John Chilembwe est opposé au recrutement des Nyassa, considérant qu'ils ne sont pas concernés par cette guerre[21]. Il promeut une forme de pacifisme chrétien, argumentant que l'absence de droits civiques pour les Africains dans le système colonial devrait les exempter du devoir de se battre[21]. En , sur la foi d'informations rapportant de nombreux morts lors d'une bataille à Karonga, il écrit une lettre au Nyasaland Times de Blantyre, appelant explicitement les autorités coloniales à ne plus recruter des troupes noires :
« Comme je l'ai appris, la guerre a éclaté entre vous et d'autres nations, toutes peuplées de Blancs, et je demande donc de ne plus recruter mes compatriotes, mes frères, qui ne connaissent pas la cause de votre combat et qui n'ont rien à y voir […] Il est préférable de recruter les planteurs blancs, commerçants, missionnaires et autres colons blancs du pays, qui sont, en effet, de plus grande valeur et qui ont quelque chose à voir avec cela […][22],[trad 1]. »
Préparatifs
Les préparatifs du soulèvement commencent à la fin de l'année 1914. Les objectifs exacts de John Chilembwe ne sont pas vraiment connus ; certains contemporains prétendent qu'il voulait devenir le « roi du Nyassaland »[23]. Il se procure un manuel militaire et commence à organiser ses partisans et tenter d'obtenir un plus large soutien[24]. Il noue notamment des liens étroits avec Filipo Chinyama, résidant à Ncheu, à environ cent cinquante kilomètres au nord-est et il reçoit l'assurance que ce dernier mobilisera ses propres partisans pour la rébellion qui se profile[25].
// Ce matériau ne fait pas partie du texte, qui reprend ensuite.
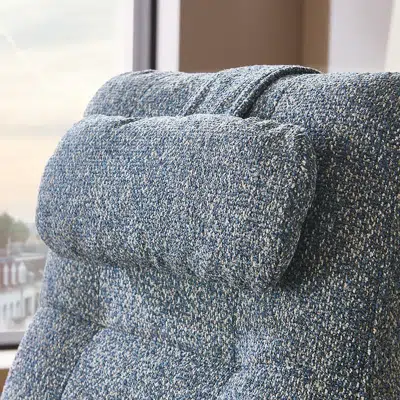 Fauteuil de relaxation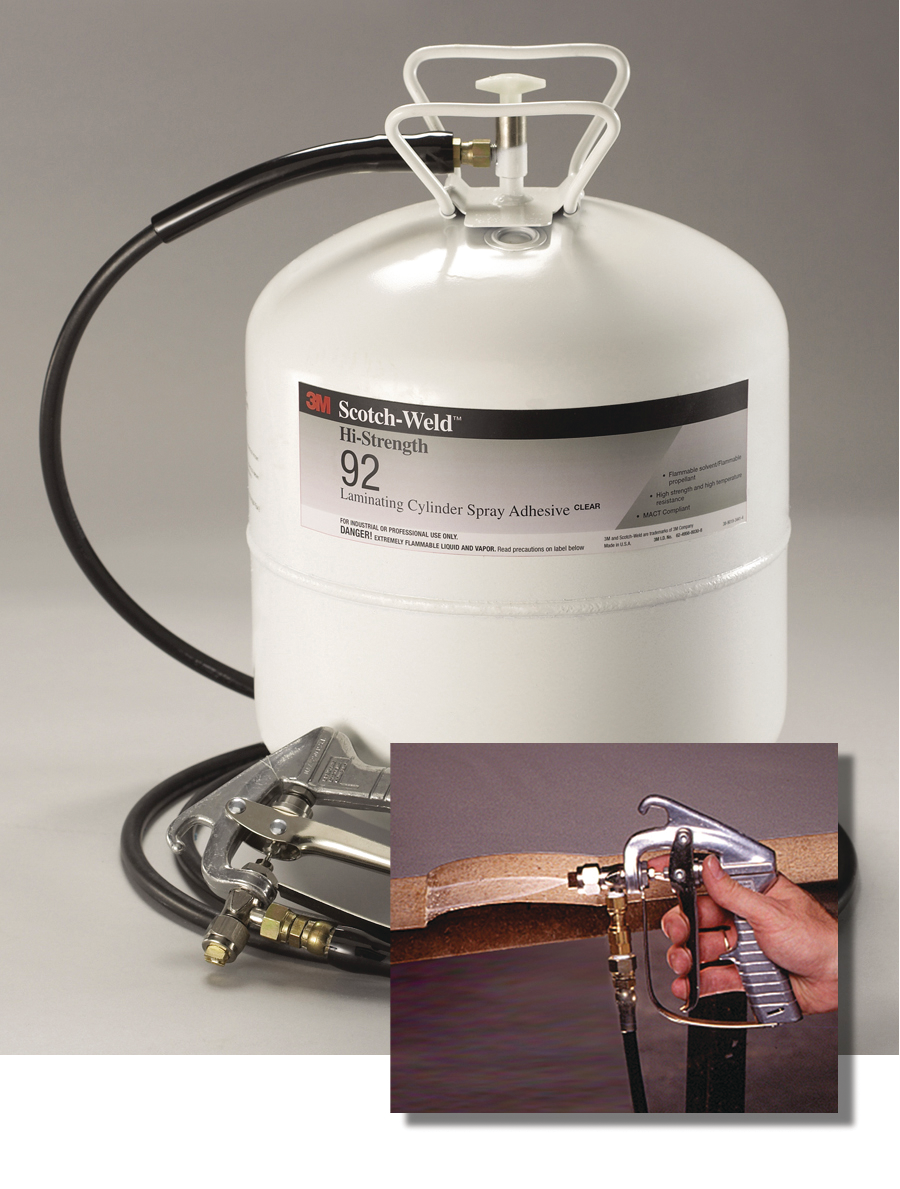 Highstrengthadhesives 10129110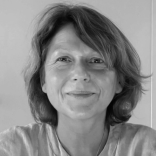 Anne-Claire JOACHIM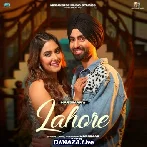 Lahore - Harsimar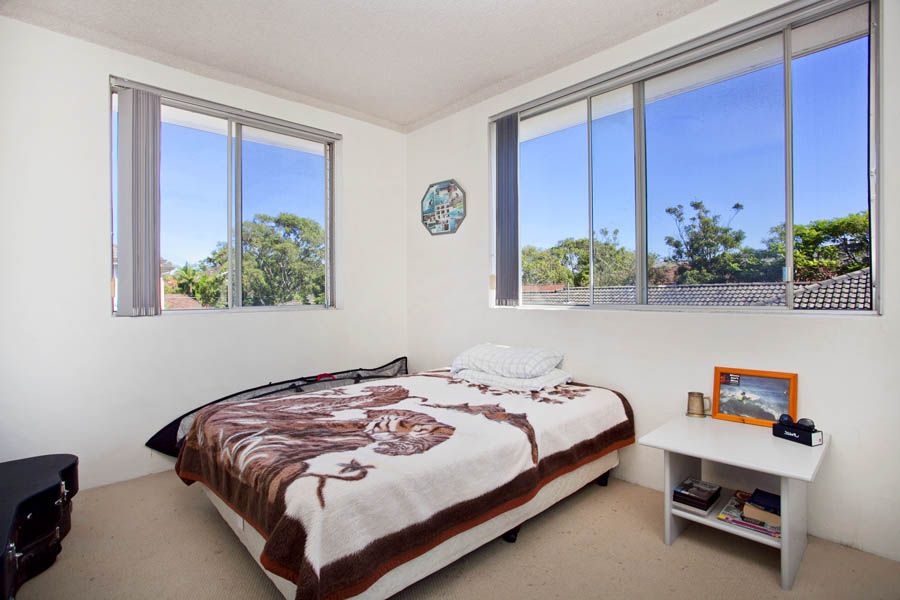 22/72 Kurnell Road, Cronulla NSW 2230, Image 2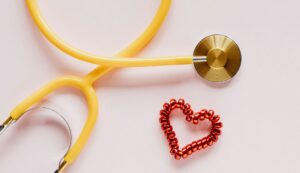 RayAsta Foundation wraps first-of-its-kind training of supervisory-level care givers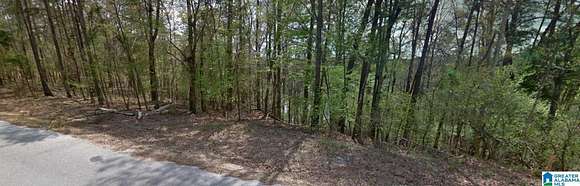 2 Acres of Land for Sale in Northport, Alabama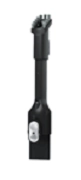 Reinigungsaufsatz Rowenta SS-9100059003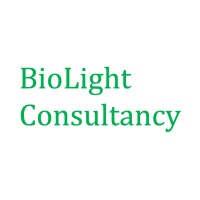 BioLight Consultancy Logo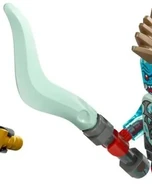 Spectral sword set.jpg (14 KB)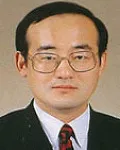 대학교수인 양형식의 대표 이미지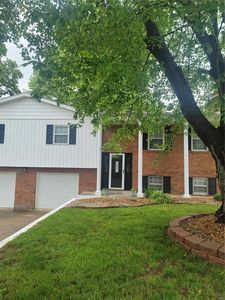 50 Glenwood Dr, Glen Carbon, IL, 62034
Les autorités coloniales sont prévenues de l'imminence d'une révolte. En , un ancien partisan de Chilembwe rapporte les « inquiétantes intentions » du prêcheur à Philip Mitchell, un fonctionnaire colonial (futur gouverneur du protectorat de l'Ouganda et du Kenya) ; une mission catholique est aussi informée, mais aucune action n'est entreprise[13].
Soulèvement
Débuts
« C’est la seule façon de montrer aux hommes blancs que le traitement qu’ils infligent à nos hommes et à nos femmes est des plus pénibles et que nous sommes déterminés à porter un premier et un dernier coup car nous mourons tous dans la tempête militaire des Blancs. Les Blancs penseront alors, après notre mort, que le traitement qu'ils infligent à notre peuple est mauvais et qu'ils pourraient changer pour le mieux de notre peuple[26],[trad 2] »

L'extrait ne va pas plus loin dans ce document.